• [Problem requirements] Quote the records that follow in full, leaving the pictures out.

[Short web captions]
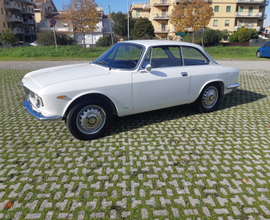 Alfa Romeo Giulia Sprint GT
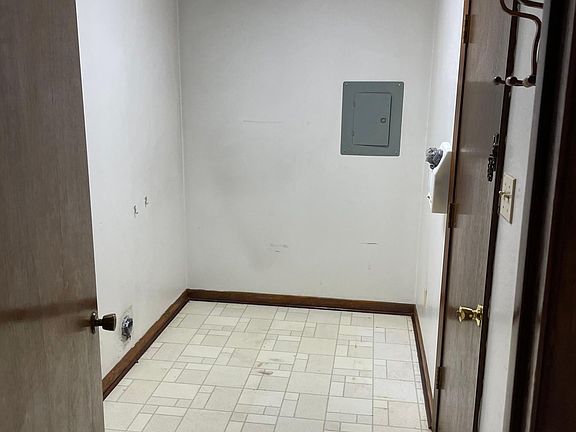 4th image of 100 Half Oak Dr
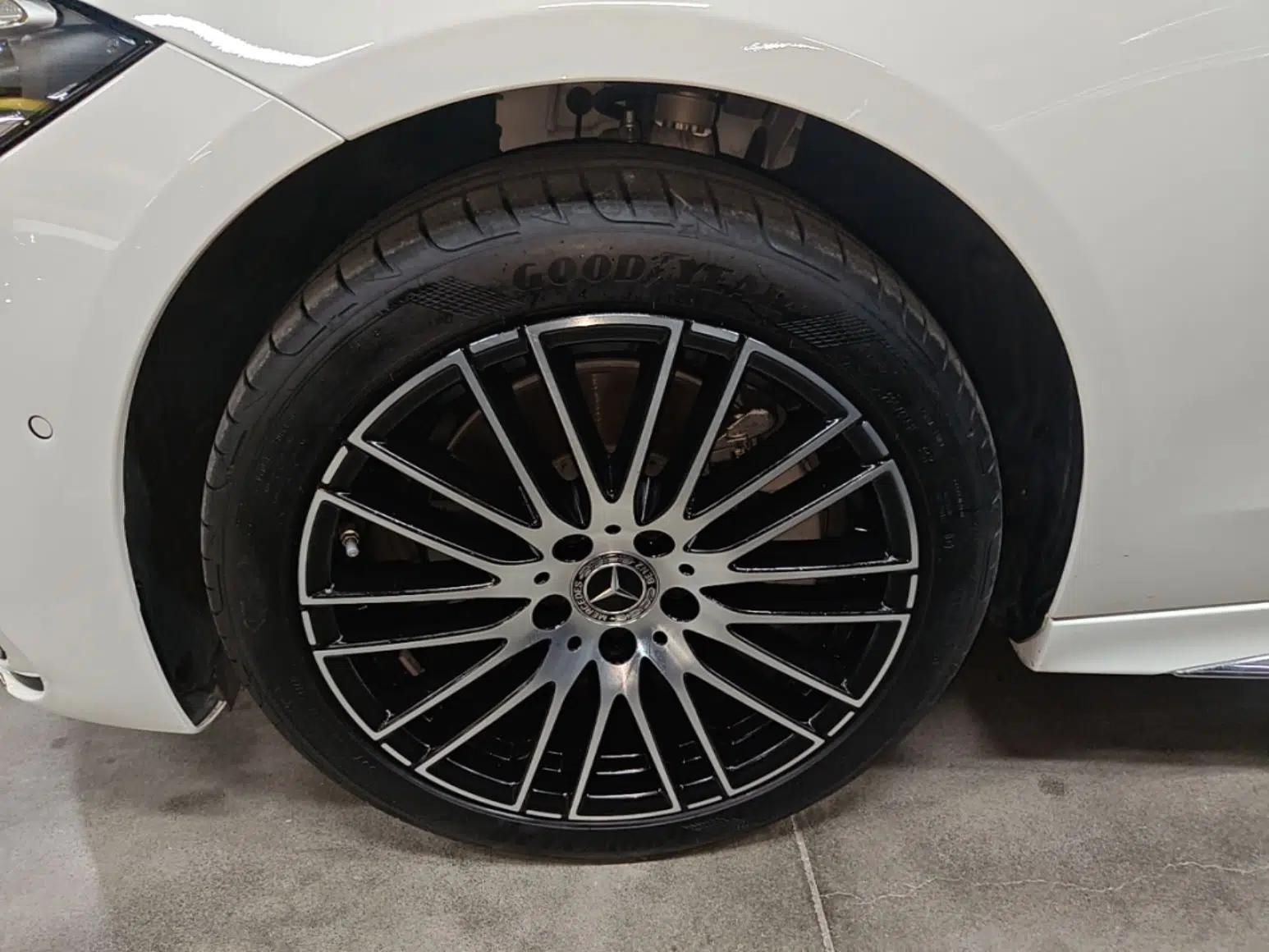 Mercedes-Benz C-Class 2024 Restyled C 260 L Sport Edition — миниатюра 10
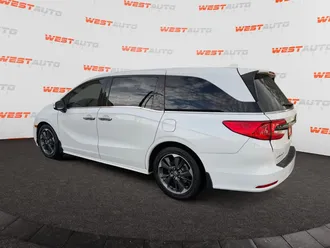 2022 Honda Odyssey photo 3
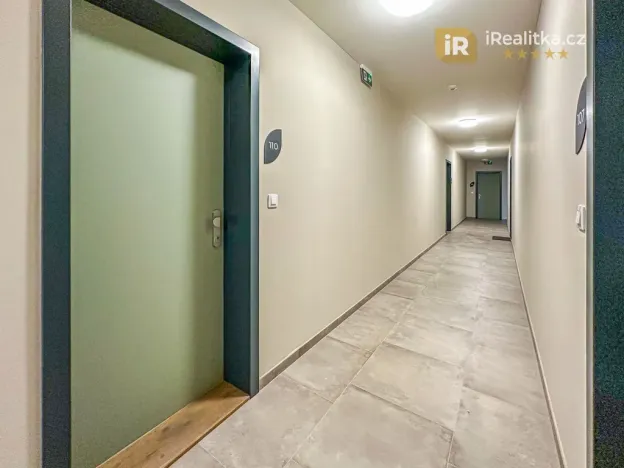 Pronájem bytu 2+kk, Praha - Černý Most, Arnošta Valenty, 35 m2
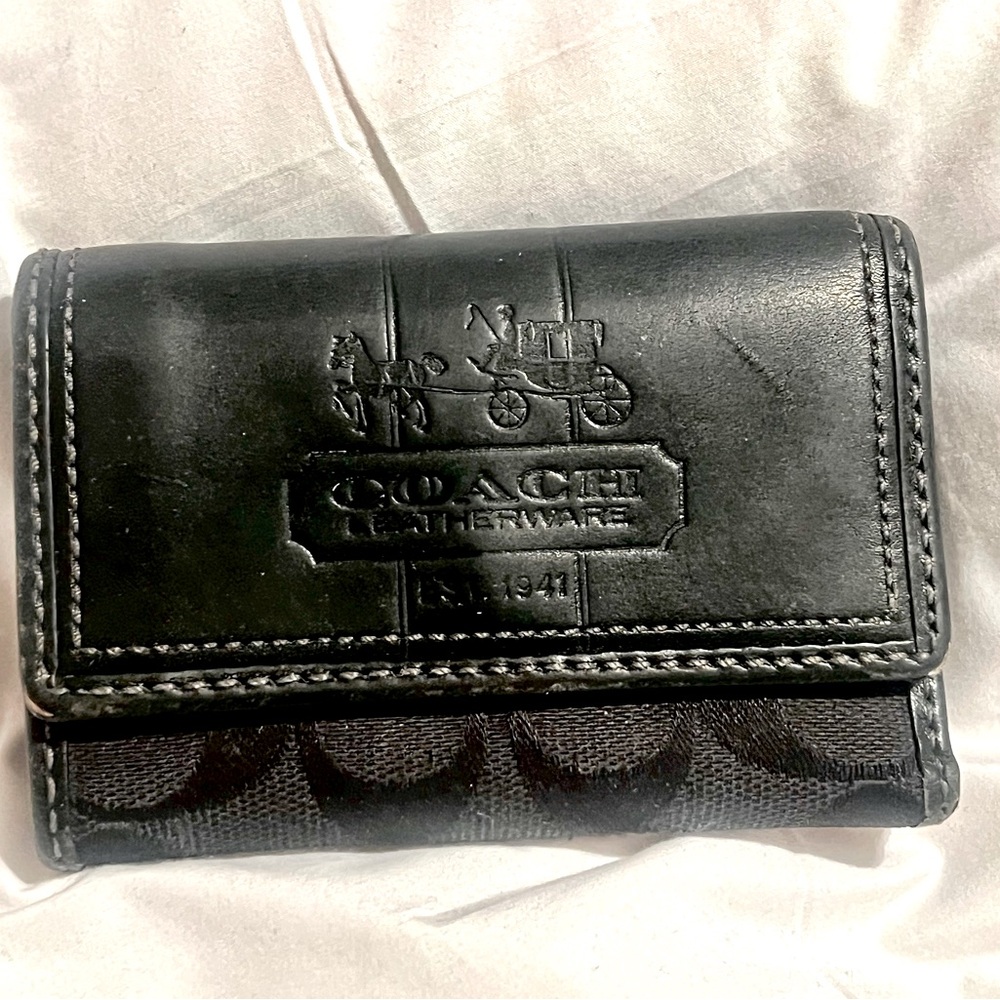 Pre- owned Trademark Pattern Coach trifold wallet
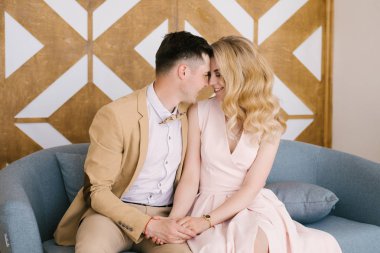 Güzel sevgi dolu genç çift evde güzel bir iç ve şık kıyafetler birbirinize bakın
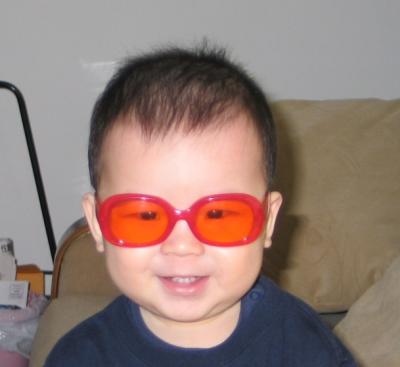 u21/pippo5/medium/35164219.regansunglasses.jpg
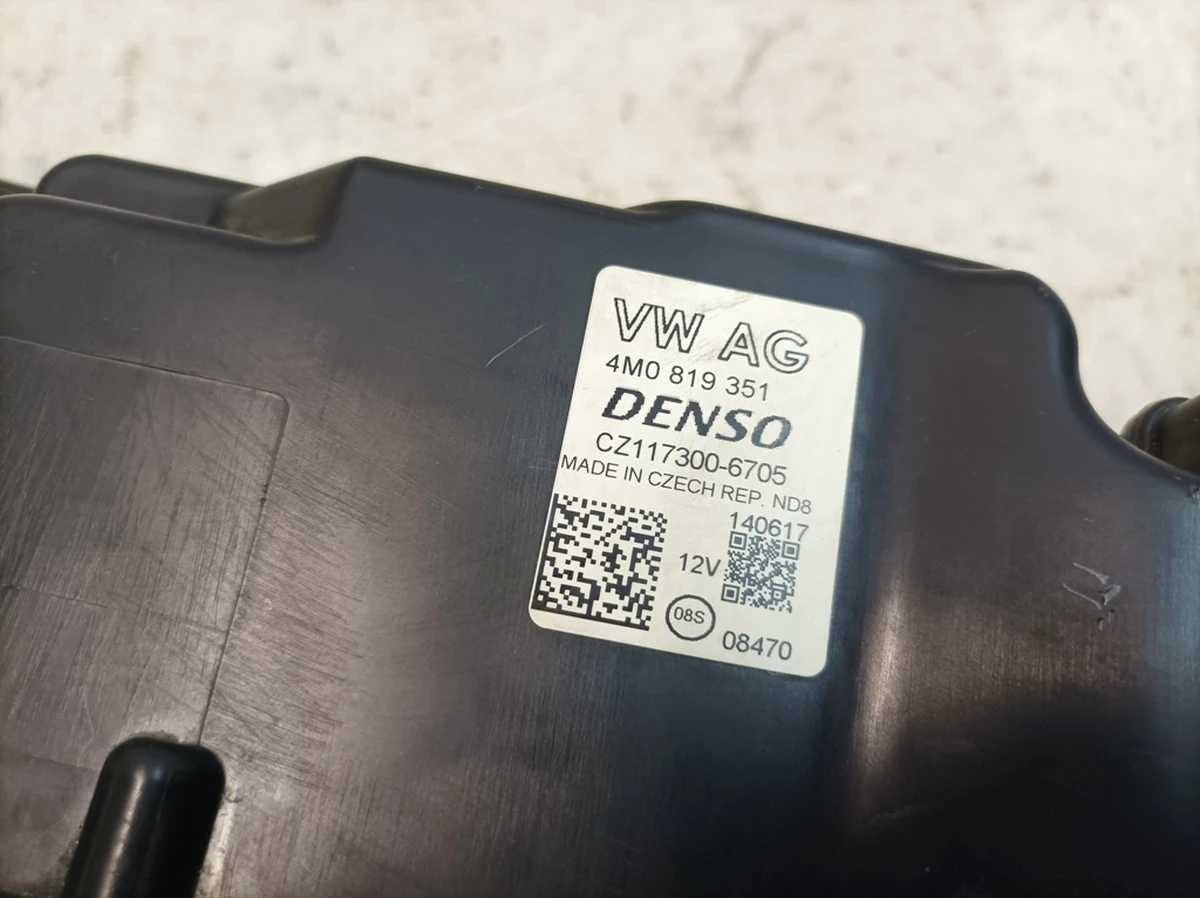 Розподільник повітря з вентилятором у зборі задня частина з пошкодженням Audi Q7 4M0820329A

• [Response for this exercise]
 Alfa Romeo Giulia Sprint GT
 4th image of 100 Half Oak Dr
 Mercedes-Benz C-Class 2024 Restyled C 260 L Sport Edition — миниатюра 10
 2022 Honda Odyssey photo 3
 Pronájem bytu 2+kk, Praha - Černý Most, Arnošta Valenty, 35 m2
 Pre- owned Trademark Pattern Coach trifold wallet
 Güzel sevgi dolu genç çift evde güzel bir iç ve şık kıyafetler birbirinize bakın
 u21/pippo5/medium/35164219.regansunglasses.jpg
 Розподільник повітря з вентилятором у зборі задня частина з пошкодженням Audi Q7 4M0820329A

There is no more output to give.